- **INPUT DATA**:
[Start of section]
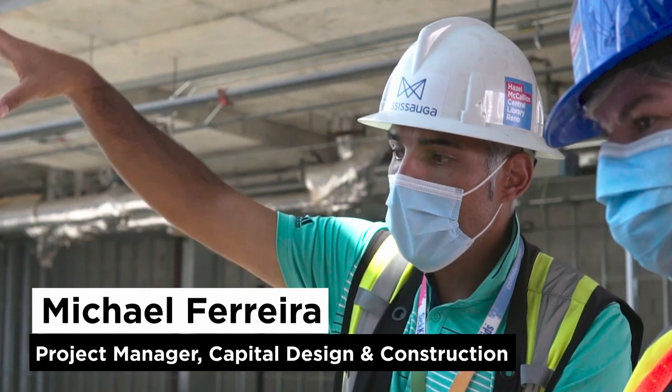On our tour, we'll be joined by Laura Reed, Manager of Central Library, and Michael Ferreira, Project Manager for Capital Design and Construction.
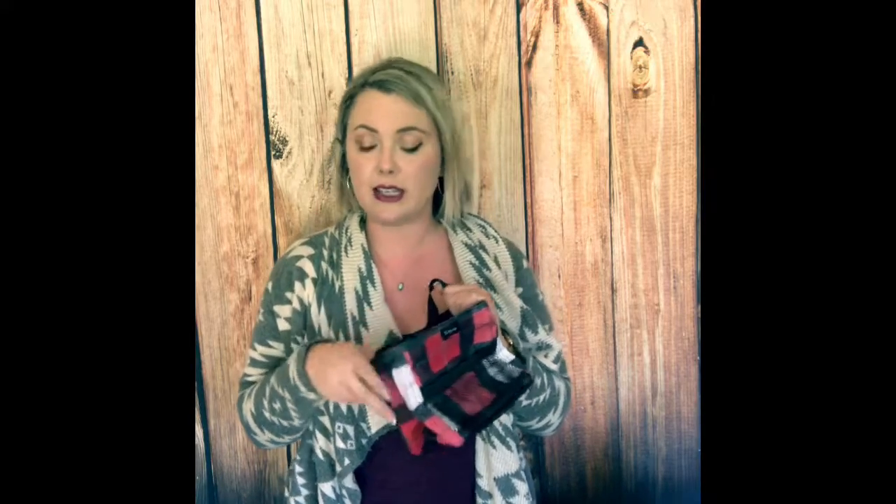Up next we have the Littles Carry All Caddy — this little guy right here. This would be great for office supplies or kids' toys. You could use it as a gift bag filled with homemade treats for the Christmas or holiday season. I use it for fingernail polish underneath my vanity.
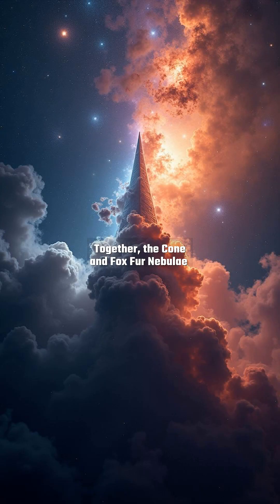Together, the Cone and Foxfur Nebulae illustrate the harmony of cosmic opposites. The Cone's ordered spire contrasts with the Foxfur's wild chaos, yet both are united by their shared star-forming gas. This region, bathed in the light of young stars, reveals the universe's artistry.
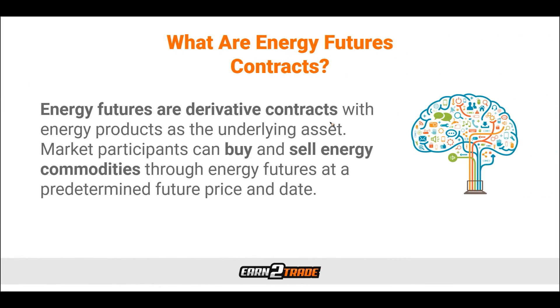Energy futures are derivatives contracts with energy products as the underlying asset. A market participant has the option to buy and sell these energy commodities through energy futures at a predetermined future price and date. The most popular types are based on commodities like oil, natural gas, and electricity. Supply and demand are a prominent component of their price; however, unlike other commodities, they are a bit more sensitive to geopolitical events. Energy futures allow investors to speculate or ensure an efficient hedge against price fluctuations or external risk affecting the underlying commodity.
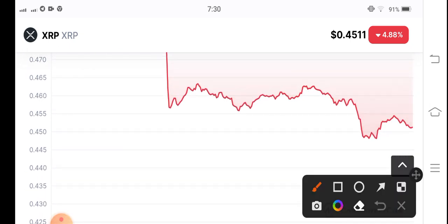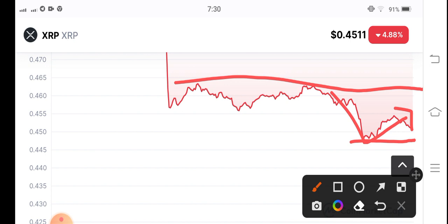Still, I think there could be a reversal from this point. You can see it has been holding this level for a long time, and from this point it's trying to make a reversal. But wait for confirmation — if it breaks this resistance point and makes a breakout, that would be the signal.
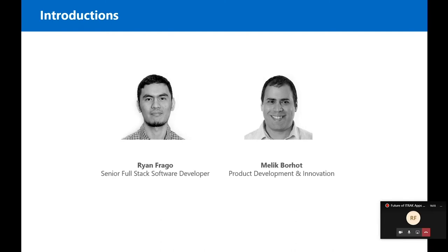Hi everyone, I'm Ryan Fracko. I'm a developer for iTrack. I've been with the company for a little over nine years now, working on the iTrack portal and now on the mobile apps.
[End of section]
- **PROBLEM DESCRIPTION**: Reproduce, exactly and with no pictures, the lines from the line containing "Still, I think" through the closing line of the data above, keeping both ends.

- **WORKED SOLUTION**:
Still, I think there could be a reversal from this point. You can see it has been holding this level for a long time, and from this point it's trying to make a reversal. But wait for confirmation — if it breaks this resistance point and makes a breakout, that would be the signal.
Hi everyone, I'm Ryan Fracko. I'm a developer for iTrack. I've been with the company for a little over nine years now, working on the iTrack portal and now on the mobile apps.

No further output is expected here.